> **TASK DIRECTIONS**:
Starting with the line that holds "SVG muy recatado, diseño" and stopping after the line that holds "I think there", repeat the lines below word for word, without the pictures.

AVAILABLE DATA START

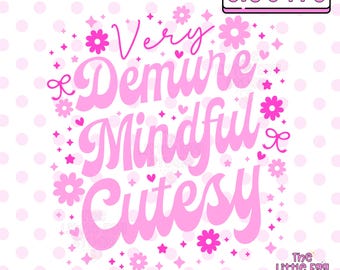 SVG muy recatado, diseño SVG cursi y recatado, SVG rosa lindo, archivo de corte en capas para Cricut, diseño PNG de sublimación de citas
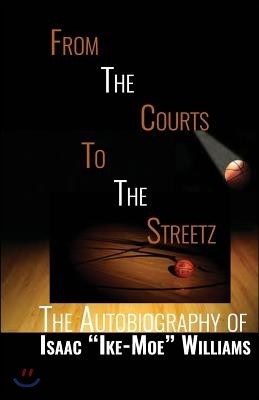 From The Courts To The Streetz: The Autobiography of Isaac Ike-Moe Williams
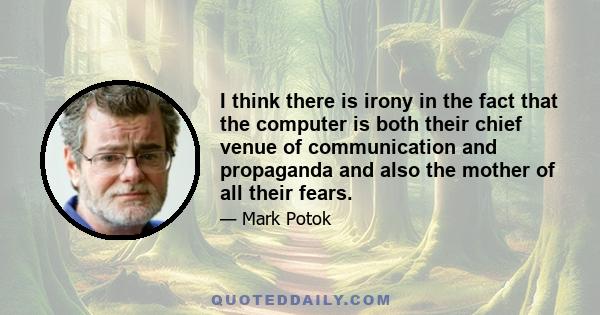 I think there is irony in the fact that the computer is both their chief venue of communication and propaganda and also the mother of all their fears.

AVAILABLE DATA END
AVAILABLE DATA START

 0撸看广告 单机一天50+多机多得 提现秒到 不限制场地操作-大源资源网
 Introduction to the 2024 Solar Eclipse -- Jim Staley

AVAILABLE DATA END
AVAILABLE DATA START

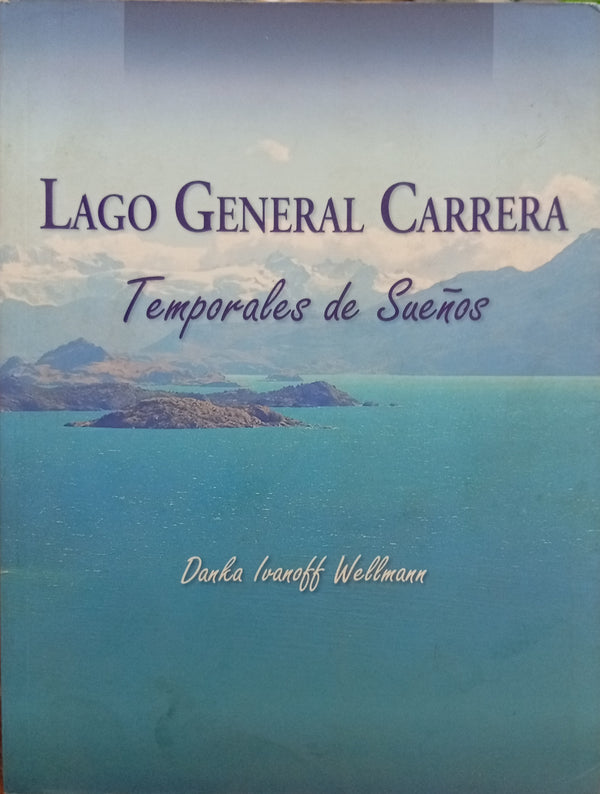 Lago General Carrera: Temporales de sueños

AVAILABLE DATA END

> **TASK SOLUTION**:
 SVG muy recatado, diseño SVG cursi y recatado, SVG rosa lindo, archivo de corte en capas para Cricut, diseño PNG de sublimación de citas
 From The Courts To The Streetz: The Autobiography of Isaac Ike-Moe Williams
 I think there is irony in the fact that the computer is both their chief venue of communication and propaganda and also the mother of all their fears.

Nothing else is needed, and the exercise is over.